Apparently, the more furrowed brows, the better the potential gains. The phrase "wall of worry" refers to the market's ability to continue to climb higher in the face of headwinds.
Just take a look at how far the market has come since the depths of the financial crisis. Remember that day back on March 6, 2009, when the S&P 500 hit an intraday low of 666?
We're back up to 1,835. And during this entire massive bull run to the upside, there have been plenty of stumbling blocks—economic, political or otherwise. All those problems can be thought of as bricks that go into building the wall of worry.
Here's what traders, investors, strategists and analysts say are some of the biggest worries for 2014:
Investors say on element in the wall of worry is Fed policy and the rising interest rate environment. With the central bank's December decision to begin tapering its bond-purchasing program, BTIG Chief Global Strategist Dan Greenhaus acknowledged the risk that the Fed could adjust its policies too quickly or too slowly.

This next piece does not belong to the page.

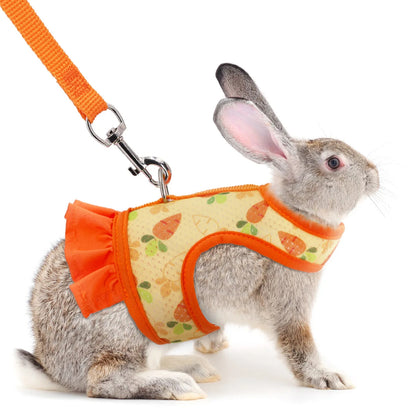 Cute Adjustable Rabbit Harness With Leash | Breathable Mesh Vest Skirt | Small Pet Harness Set | For Rabbits, Guinea Pigs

Steven Ricchiuto, chief U.S. economist at Mizuho Securities, said that his top worry for the market is that Fed tapering could lead to rising rates, which could in turn thwart the economic momentum from the second half of 2013.
"The Fed's QE program distorted financial markets and exiting could create vacuum of sponsorship leading to a rapid sell off in belly of the curve," he said. "This countercyclical rise in rates would become an unanticipated headwind."
(Read more: Fed's Richard Fisher: Liquidity causing 'beer goggles')
Another bigger picture, or macro, concern is growing geopolitical risk, including turmoil in places such as Turkey and Thailand.
Those are two of the countries that Andy Busch is keeping an eye on.
The author and publisher of "The Busch Update" said that both markets saw considerable volatility heading into 2014. A corruption crisis surrounding Turkey's government helped push the Turkish lira down by about 17 percent last year.
Anti-government protests in Thailand have resulted in the parliament's being dissolved, and the country's benchmark stock index has lost 12 percent over the last three months. Busch said these uncertainties could lead investors to pull funds out of many emerging markets.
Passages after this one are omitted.